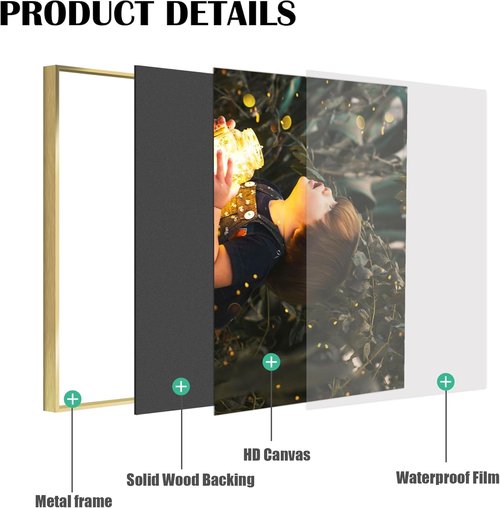 Canvas Prints - Custom Photo Wall Art by [Brand Name] | Framed 24x16 Canvas in Gold Metal Frame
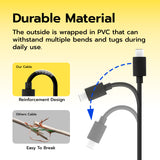 Mcbazel DOBE 1.5-Meter Charging Cable For NS2/Nintendo Switch OLED/PS5/XBOX -Black(TNS-5166)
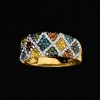 Ross-Simons 1.15 ct. t.w. Multicolored Diamond Geometric Ring in 14kt Yellow Gold - 4 of 4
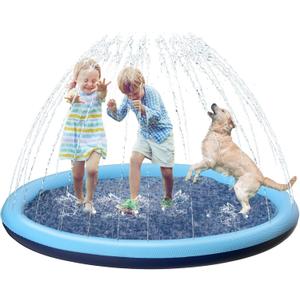 Kids Dog Splash Pad Sprinkler - Jasonwell Non Slip Dog Sprinkler Pad Splash Pool Puppy Dogs Pool Summer Outdoor Water Toys Backyard Durable Splash Pad for Toddlers Kids Small Medium Large Dogs Pet
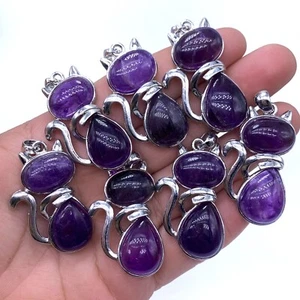 Colgantes de amatista color púrpura de la mejor calidad, amatista púrpura - Imagen 1 de 6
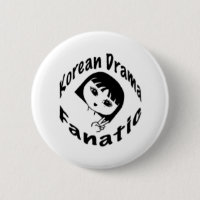 Bouton coréen de fan de drame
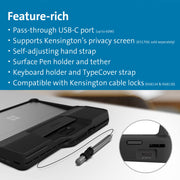 Blackbelt Rugged Case with Integrated Smart Card Reader (CAC) for Surface Pro 8 () by Kensington – Polycarbonate, Black, Model K97620WW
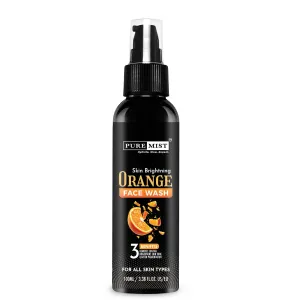 Tan Removal Vitamin C Orange Face Wash, Oil-Free Benzoyl Peroxide Face Cleanser For Glowing & Brightening Remove Dull Skin for Men and Women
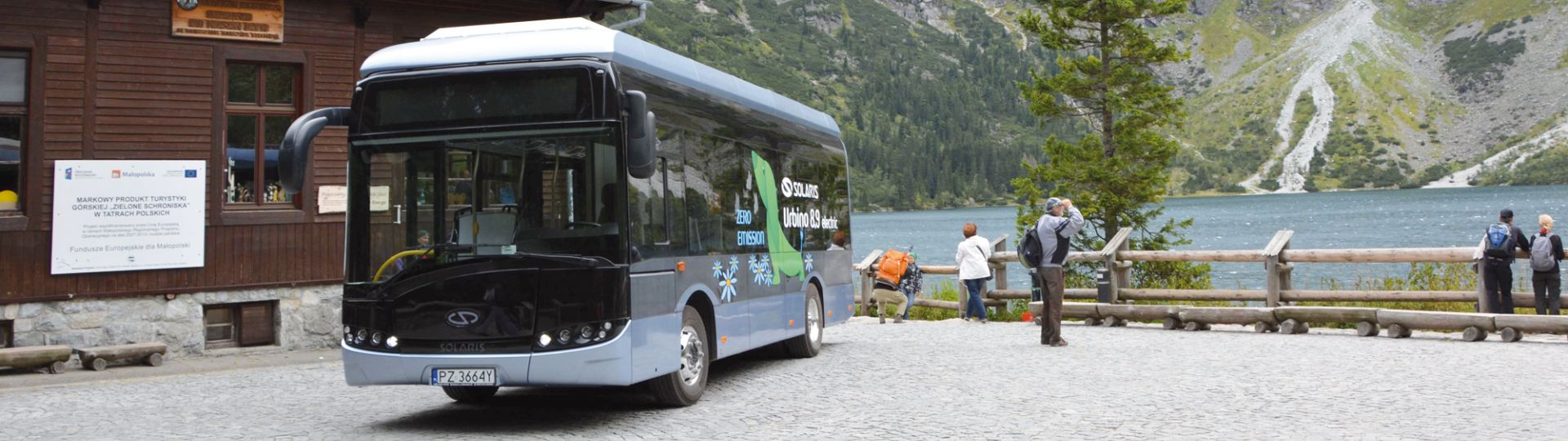 Zakopane testuje elektryczny autobus marki Solaris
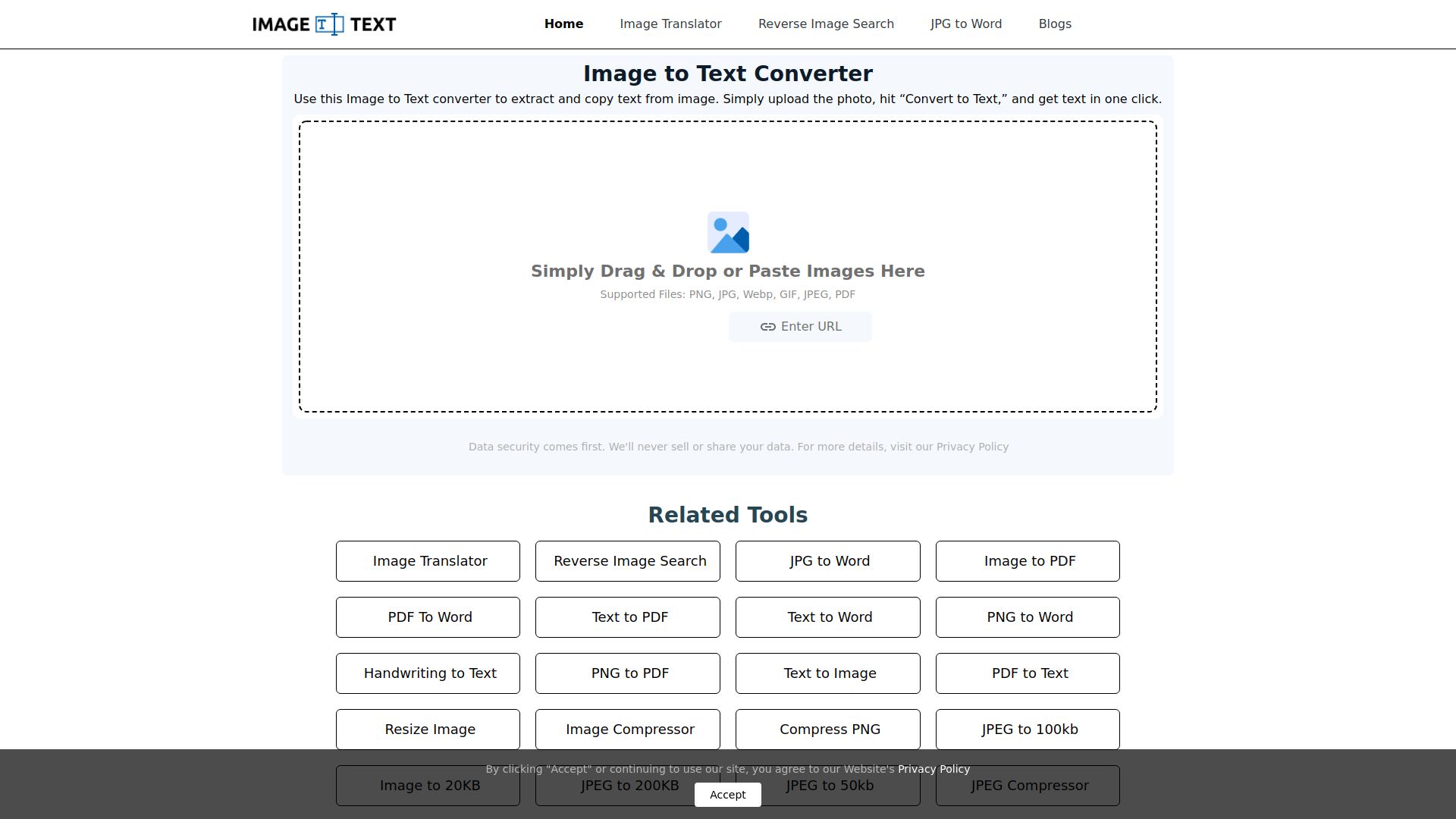 Image to Text Converter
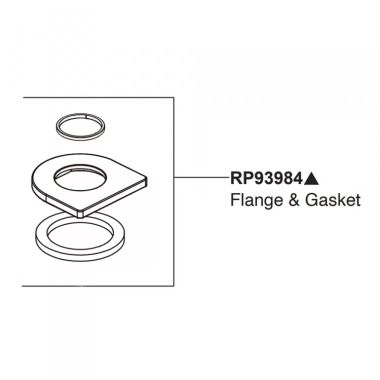Click here to see Peerless RP93984 Peerless Replacement Part Chrome Flange and Gasket- RP93984 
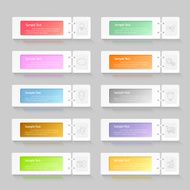 Infographic design template 10 options N3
* * * * * * * * *
**PROBLEM**
Write out exactly, and nothing more than, the lines of the entries above from the line containing "Zakopane testuje elektryczny" through the final line; omit any pictures.

**SOLUTION TO THIS EXERCISE**
 Zakopane testuje elektryczny autobus marki Solaris
 Image to Text Converter
Click here to see Peerless RP93984 Peerless Replacement Part Chrome Flange and Gasket- RP93984 
 Infographic design template 10 options N3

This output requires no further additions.